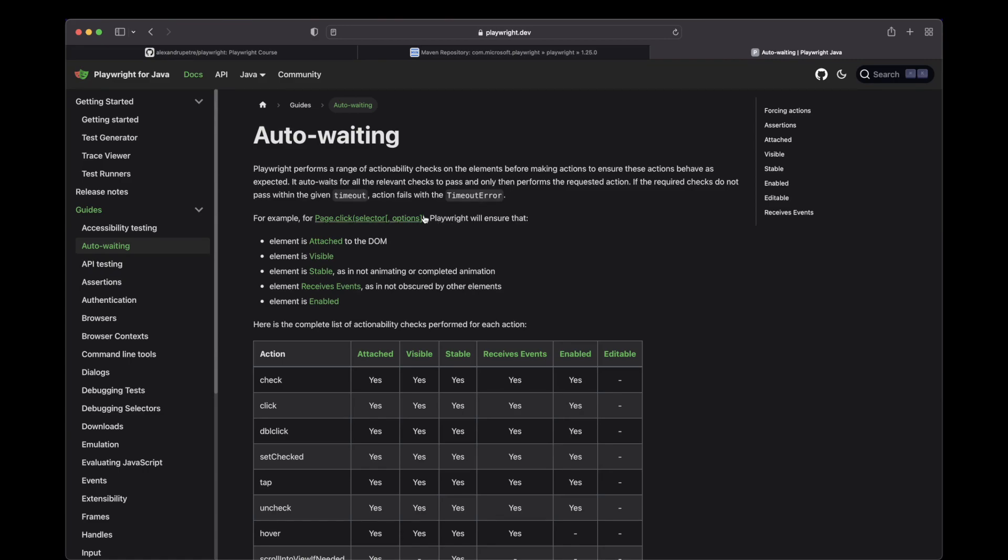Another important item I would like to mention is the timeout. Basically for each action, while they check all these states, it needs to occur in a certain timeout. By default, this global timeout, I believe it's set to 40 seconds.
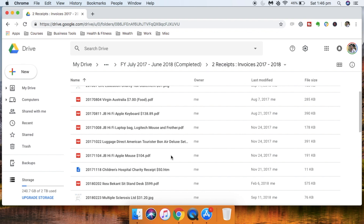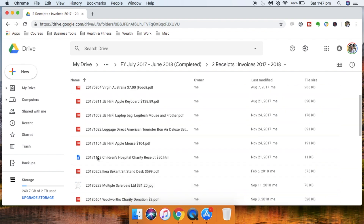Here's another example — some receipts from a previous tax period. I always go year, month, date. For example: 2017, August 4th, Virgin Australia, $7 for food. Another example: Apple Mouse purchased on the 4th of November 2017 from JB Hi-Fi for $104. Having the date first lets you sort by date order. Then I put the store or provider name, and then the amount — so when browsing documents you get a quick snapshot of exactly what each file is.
...
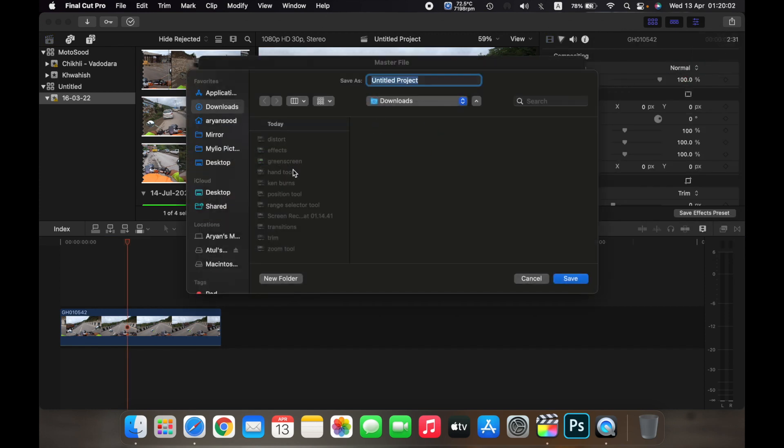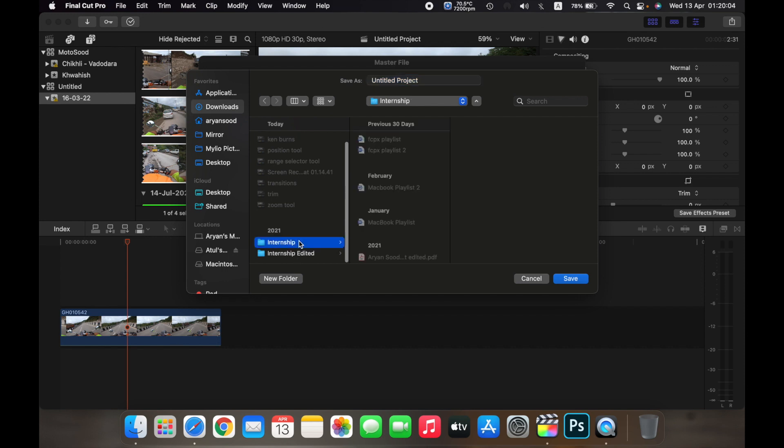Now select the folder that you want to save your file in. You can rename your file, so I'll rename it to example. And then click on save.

## WHAT YOU ARE ASKED TO DO
Look above for the line with "Another important item"; quote it and every line after it, stopping after the line with "Here's another example", exactly, with nothing added and without pictures.

## ANSWER TO THIS TASK
Another important item I would like to mention is the timeout. Basically for each action, while they check all these states, it needs to occur in a certain timeout. By default, this global timeout, I believe it's set to 40 seconds.
Here's another example — some receipts from a previous tax period. I always go year, month, date. For example: 2017, August 4th, Virgin Australia, $7 for food. Another example: Apple Mouse purchased on the 4th of November 2017 from JB Hi-Fi for $104. Having the date first lets you sort by date order. Then I put the store or provider name, and then the amount — so when browsing documents you get a quick snapshot of exactly what each file is.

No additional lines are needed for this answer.